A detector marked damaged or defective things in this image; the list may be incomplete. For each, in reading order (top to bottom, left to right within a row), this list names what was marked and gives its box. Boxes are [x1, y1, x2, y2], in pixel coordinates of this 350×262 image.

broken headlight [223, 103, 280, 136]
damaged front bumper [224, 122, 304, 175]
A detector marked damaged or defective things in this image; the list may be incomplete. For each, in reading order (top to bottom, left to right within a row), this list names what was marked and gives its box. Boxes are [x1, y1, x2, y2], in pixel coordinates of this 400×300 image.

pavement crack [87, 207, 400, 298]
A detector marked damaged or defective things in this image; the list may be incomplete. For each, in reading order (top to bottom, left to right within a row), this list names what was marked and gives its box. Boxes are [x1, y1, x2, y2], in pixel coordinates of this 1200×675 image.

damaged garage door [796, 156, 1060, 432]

┄┄┄┄┄┄┄┄┄┄┄┄┄┄┄┄┄┄┄┄

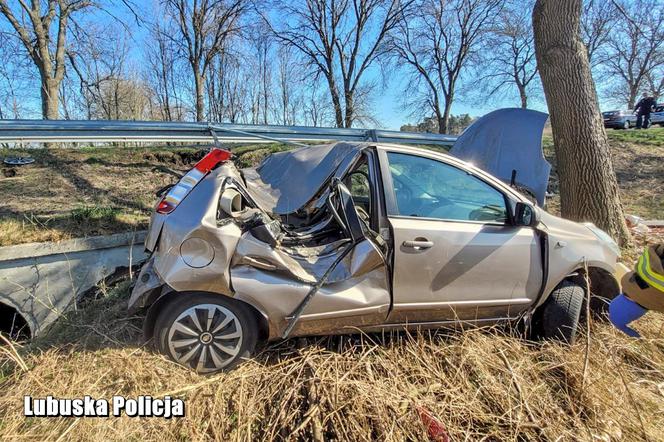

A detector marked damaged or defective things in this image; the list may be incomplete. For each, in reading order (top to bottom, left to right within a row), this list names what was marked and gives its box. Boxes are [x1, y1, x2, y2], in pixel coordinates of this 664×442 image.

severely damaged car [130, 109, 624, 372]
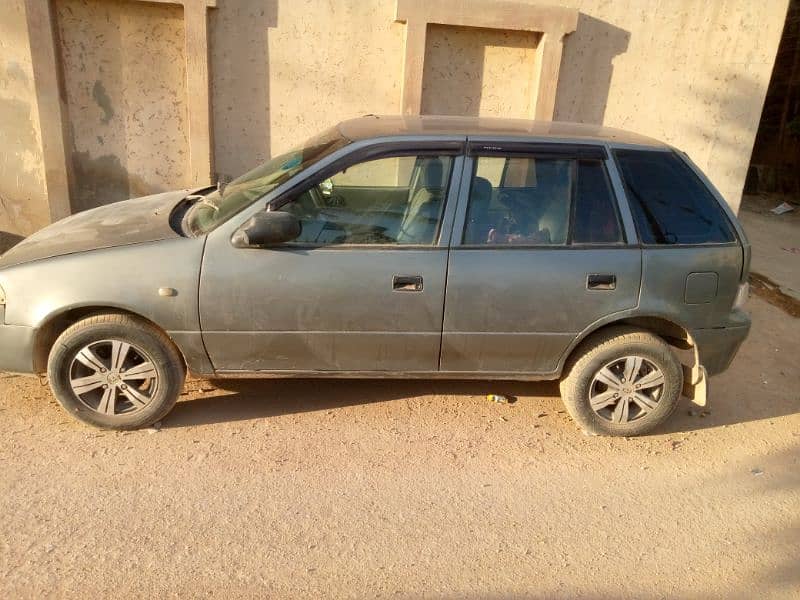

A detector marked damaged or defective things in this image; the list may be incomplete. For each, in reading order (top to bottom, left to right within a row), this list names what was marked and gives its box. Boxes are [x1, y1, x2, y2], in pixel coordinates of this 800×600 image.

┄┄┄┄┄┄┄┄┄┄┄┄┄┄┄┄┄┄┄┄

## TASK TO CARRY OUT
Reproduce the data above exactly, but only the lines from the one showing "this 664×442 image." through the one showing "this 800×600 image.", with both ends kept and the pictures left out.

## PROBLEM SOLUTION
A detector marked damaged or defective things in this image; the list may be incomplete. For each, in reading order (top to bottom, left to right within a row), this list names what was marked and gives its box. Boxes are [x1, y1, x2, y2], in pixel coordinates of this 664×442 image.

severely damaged car [130, 109, 624, 372]

A detector marked damaged or defective things in this image; the list may be incomplete. For each, in reading order (top to bottom, left to right within a row), this list names what was marked and gives its box. Boxes are [x1, y1, x2, y2], in pixel coordinates of this 800×600 image.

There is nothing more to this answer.